Tema central: Sigilo profissional odontológico
Análise das alternativas
A
Errada
Incorreta porque transforma a 1ª assertiva em verdadeira e a 4ª em falsa. Isso contraria o critério decisivo da questão. Intimação judicial para depor como testemunha não autoriza, por si só, a quebra irrestrita do sigilo profissional; o sigilo só cede nas hipóteses admitidas de autorização expressa, justa causa ou dever legal. Além disso, o dever de sigilo permanece após a morte do paciente, não sendo correto afirmar sua extinção automática.
B
Errada
Incorreta porque erra três pontos centrais do regime de confidencialidade. A 1ª assertiva não é verdadeira, pois o dever de testemunhar não afasta automaticamente o sigilo. A 2ª também não é verdadeira, porque pedido informal de funcionário administrativo do conselho regional não constitui base legítima para acesso a informações sigilosas de pacientes.

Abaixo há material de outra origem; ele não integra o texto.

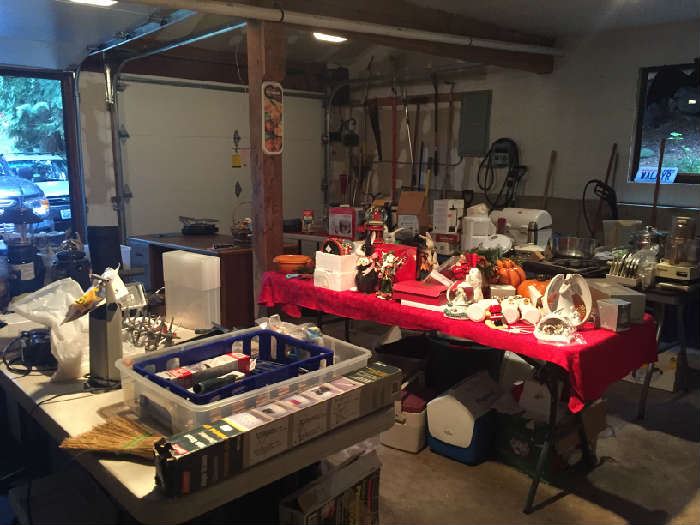 garage is packed decorations, tools, small appliances kitchen items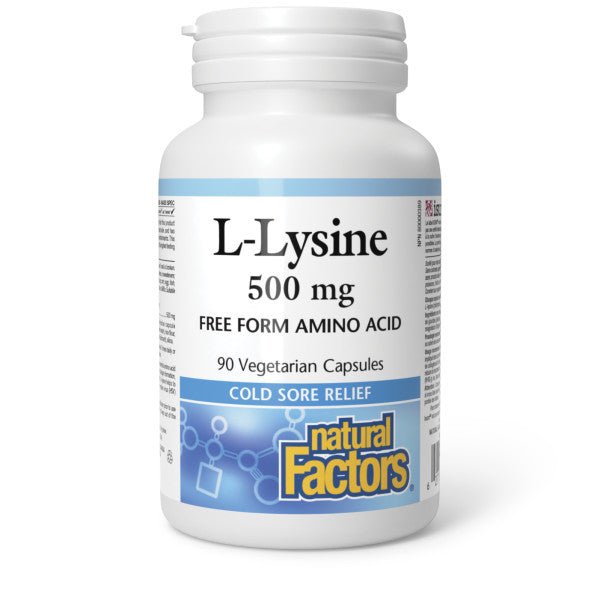 Natural Factors L - Lysine 500mg 90 Veg Capsules - Nutrition Plus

A 3ª não é falsa: suspeita de maus-tratos contra vulneráveis pode impor comunicação por dever legal ou justo motivo, afastando o sigilo na medida necessária.
C
Certa
A alternativa C está correta porque é a única compatível com a regra matriz da confidencialidade profissional e com suas exceções restritas. A 1ª assertiva é falsa: o dever de sigilo subsiste mesmo diante de intimação para testemunhar, não havendo autorização automática para revelar fatos clínicos sigilosos apenas por isso. A 2ª também é falsa: colaborar com a fiscalização do conselho não significa entregar informações de pacientes específicos por solicitação informal de servidor administrativo, já que o acesso a dado sigiloso exige base formal e legítima compatível com o sigilo. A 3ª é verdadeira: suspeita de maus-tratos a criança ou idoso se enquadra em dever legal/justo motivo para comunicação na extensão necessária. A 4ª é verdadeira: o sigilo não se extingue com a morte do paciente, permanecendo resguardado, ressalvadas exceções legalmente justificadas.
D
Errada
Incorreta porque considera verdadeira a 2ª assertiva e falsa a 4ª. O erro da 2ª está em equiparar dever de colaboração com o conselho à entrega informal de informações sigilosas de pacientes; a base exige fundamento formal e legítimo compatível com o sigilo, o que não se satisfaz por simples solicitação administrativa informal. O erro da 4ª está em negar a persistência do sigilo post mortem, quando a base afirma expressamente que o dever de confidencialidade subsiste após o falecimento, ressalvadas exceções legalmente admitidas.
Pegadinha da questão
A banca explorou a confusão entre a existência de uma autoridade ou órgão institucional e a autorização para romper sigilo: intimação judicial para testemunho e pedido administrativo do conselho não afastam automaticamente a confidencialidade, enquanto a proteção legal de vulneráveis e as exceções legalmente justificadas, inclusive após a morte, é que podem afastá-la.
Dica para questões semelhantes
  • Trate o sigilo profissional como regra e só aceite sua quebra quando a alternativa trouxer autorização expressa do paciente, justa causa ou dever legal.
  • Não confunda comparecer perante autoridade ou colaborar com fiscalização com autorização para revelar conteúdo clínico sigiloso.
  • Diante de suspeita de maus-tratos ou violência contra vulneráveis, procure no item a presença de dever legal de comunicação/notificação, porque isso afasta o sigilo na extensão necessária.
  • Lembre que o sigilo não termina automaticamente com a morte do paciente; a exceção precisa ser juridicamente justificada.